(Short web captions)
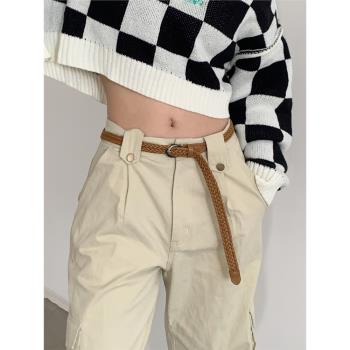 韓國ins風皮帶女學生夏季棕色復古百搭配牛仔褲西裝褲帆布腰帶細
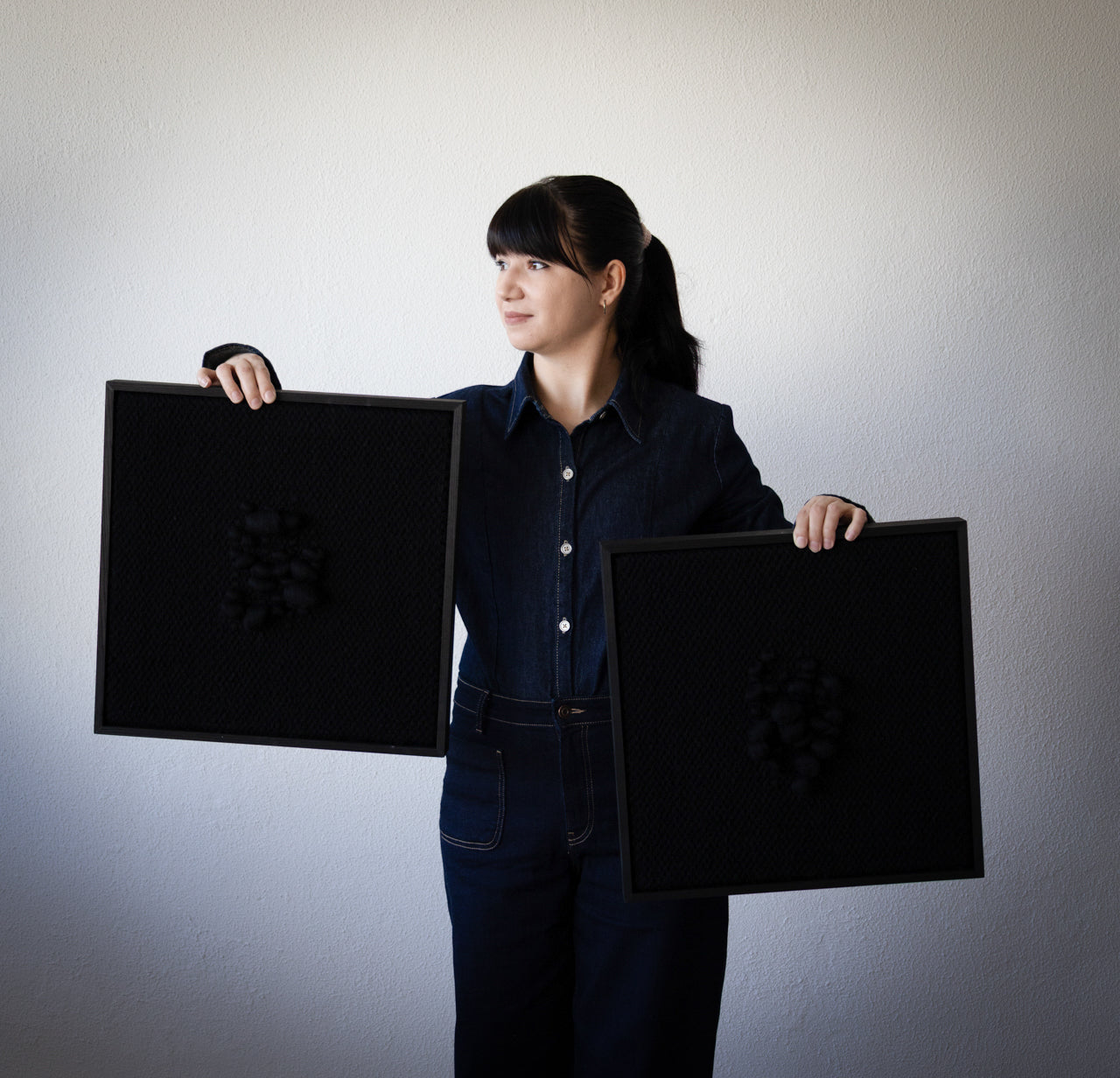 Enigma - Sculptural Framed Tapestry - Black Wool and Wood Art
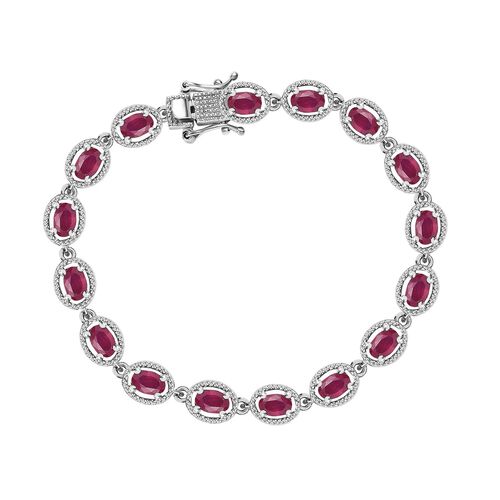 Afrikanischer Rubin (Fissure gefüllt) Armband ca. 19 cm 925 Silber platiniert ca. 11.50 ct image number 0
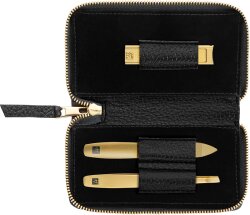 ZWILLING Beauty Reißverschluss-Etui, Rindleder, schwarz, 3-tlg.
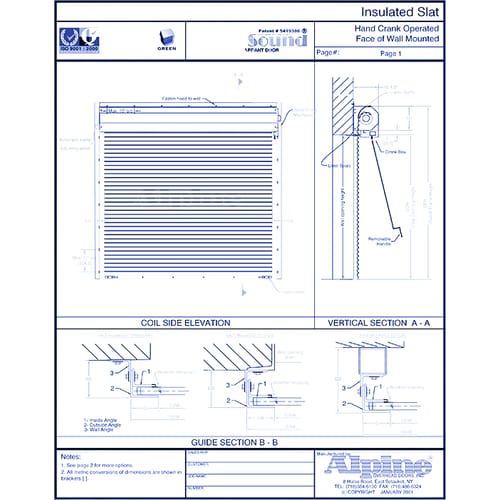 Insul-Sound® Face Mounted to Masonry: Hand Crank Operation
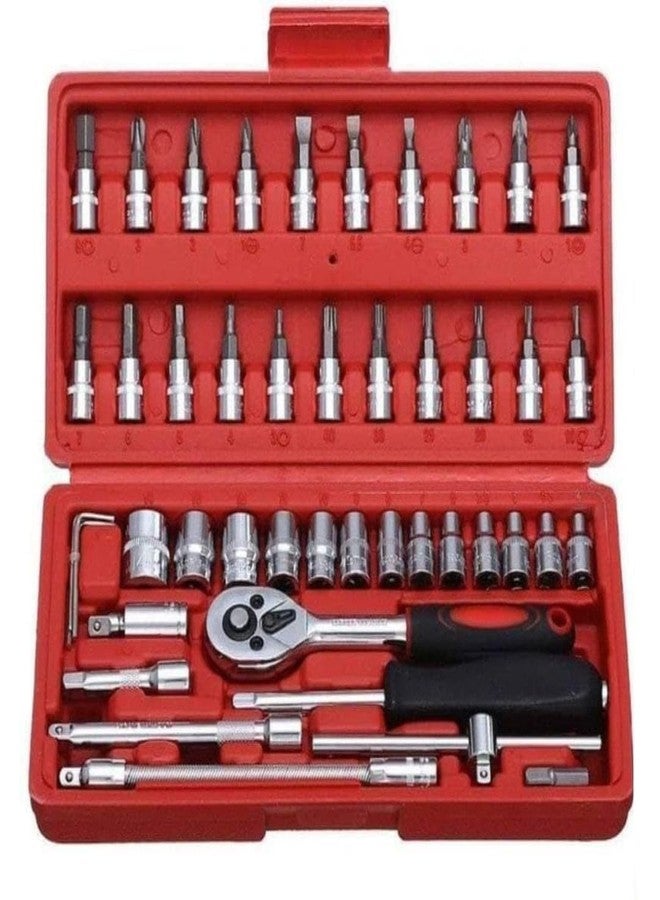 A4SHOP 46 In 1 Pcs Tool Kit & Screwdriver and Socket Set,Hand Tool Kit Wrench Set Multi Purpose Combination Tool Case Precision Socket Set, Bike All Bike, Car Set - Image 1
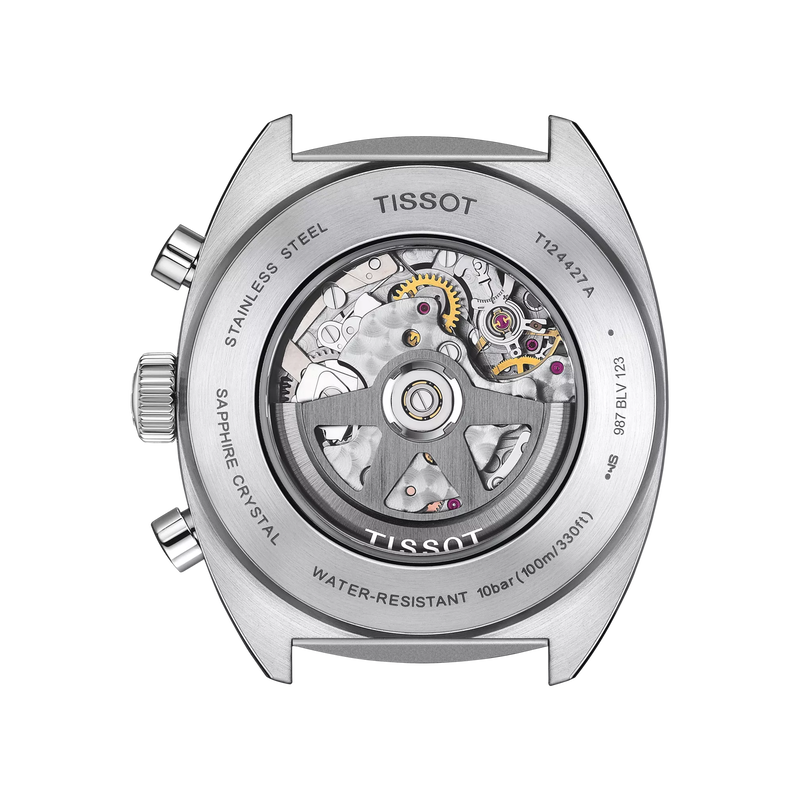 Back view of the watch case Tissot Heritage 1973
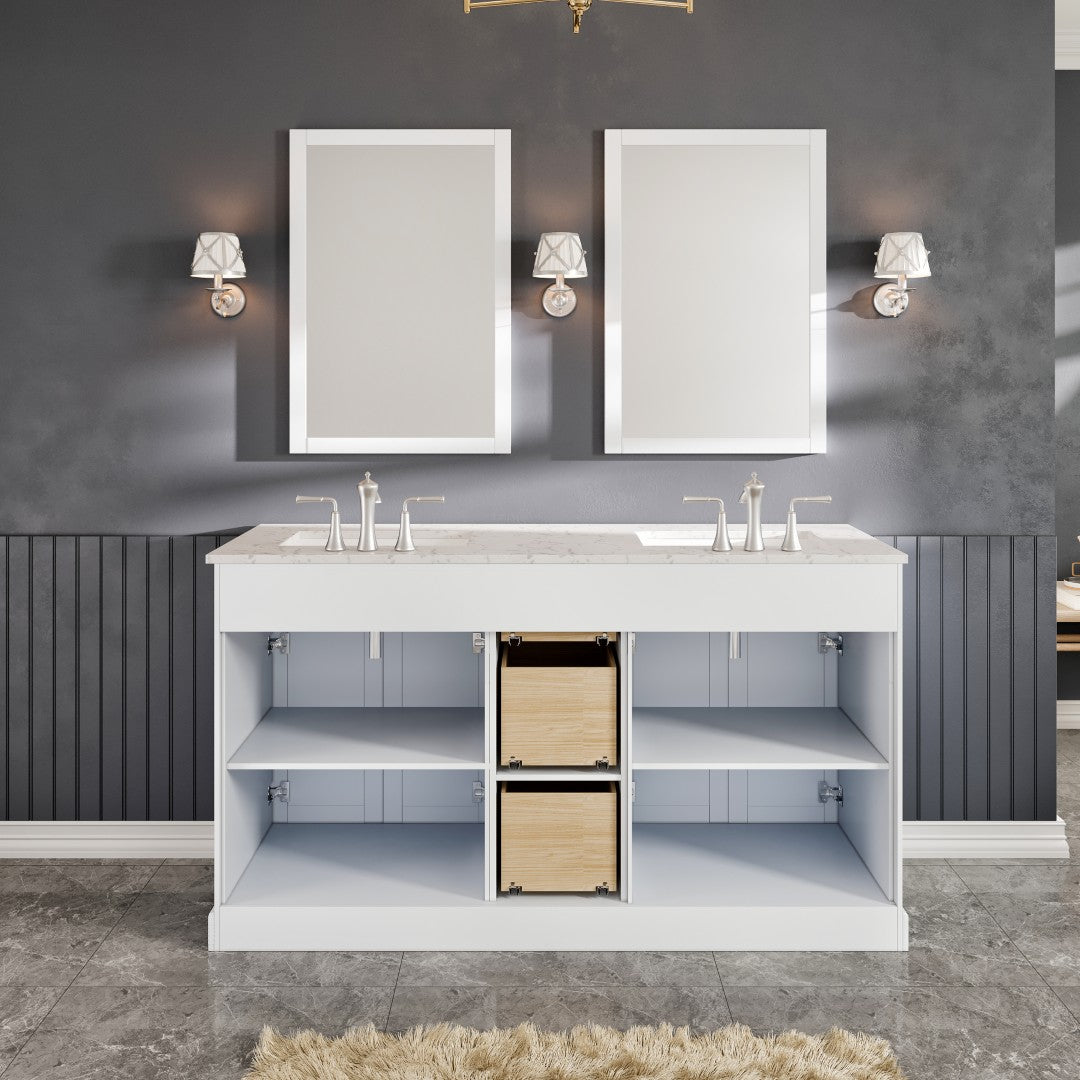 Epic 60 in. White Double Sink  Bath Vanity with Carrara Quartz Top and Undermount Porcelain Sinks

◆ **Work item**
Starting at the line that contains "Back view of", retype each line through the end of the data exactly, and leave out every picture.

◆ **Task response**
 Back view of the watch case Tissot Heritage 1973
 Epic 60 in. White Double Sink  Bath Vanity with Carrara Quartz Top and Undermount Porcelain Sinks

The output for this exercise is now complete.